Im Schulhaus ereignet sich im März 1962 auch etwas, worüber viele Münsinger anschließend nur "hinter vorgehaltener Hand sprachen", wie Sailer berichtet. Der katholische Pfarrer Friedrich Schnell sei im Religionsunterricht ausgerastet, habe Schüler an den Haaren gerissen, sie getreten und durch die Klassenzimmertür geworfen. Schnell wurde angezeigt. Es kam zum Prozess, der Pfarrer wurde versetzt. Ihn habe dies in seinem Glauben tief erschüttert, sagt Sailer. "Ich habe das aufgeschrieben, dass man sieht, was da los war."

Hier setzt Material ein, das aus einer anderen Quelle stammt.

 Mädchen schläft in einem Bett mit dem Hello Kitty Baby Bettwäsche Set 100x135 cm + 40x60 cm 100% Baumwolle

Die Idee, seine Kindheitserinnerungen aufzuschreiben, hatte Sailer, als er zu Beginn dieses Jahres länger krank war. "Ich konnte nachts nicht schlafen und habe an meine Kindheit gedacht", sagt er. In der Gaststätte, in der er groß geworden ist, seien viele Leute ein- und ausgegangen. In Ammerland sei er teils "extremen" Persönlichkeiten begegnet. "Da habe ich mir gedacht, ich schreibe ein Buch." Inspirationsquellen seien für ihn Gerhard Polts Bubenstreich-Buch "Hundskrüppel" oder die Familiensaga "Mittelreich" des Ambacher Schauspielers Josef Bierbichler gewesen.

Sailer wurde als viertes von sechs Kindern im Oktober 1951 geboren. Die älteren drei Geschwister starben früh. "Meine Eltern haben nie Zeit für mich gehabt", sagt Sailer. Als Wirt habe sein Vater seinen Willen durchzusetzen gewusst. 19 Jahre lang fügte sich Sailer ein, schloss eine Kochlehre ab und stand in der Küche des Gasthauses. Dann floh er aus der Enge seiner Kindheit und Jugend. "Das war nicht mein Fall", sagt er heute.

Anschließend arbeitete er für einen großen Lebensmittelkonzern, führte ein halbes Jahr eine Discounter-Filiale und war schließlich lange für das Marktforschungsinstitut Gfk tätig. Seit der Jahrtausendwende lebt er in Bad Tölz. Sein Bruder Reinhard Sailer hat das Ammerlander Hotel übernommen. Weil dieser den Pachtvertrag für den Grund, über den die Gäste zum Dampfersteg gehen mussten, nicht langfristig verlängern wollte, baute die Seenschifffahrt die Anlegestelle ganz ab. Franz X. Sailer hätte den Dampfersteg gerne zurück. "Denn Ammerland ohne Dampfersteg ist wie ein Berg ohne Gipfelkreuz", schreibt er. Mit seinem Buch habe er festhalten wollen, wie es damals war. Ein heutiges Kind erlebe so etwas nicht mehr in dieser Form, sagt er. An eine Fortsetzung ist nicht gedacht. "Das wird mein einziges Buch bleiben."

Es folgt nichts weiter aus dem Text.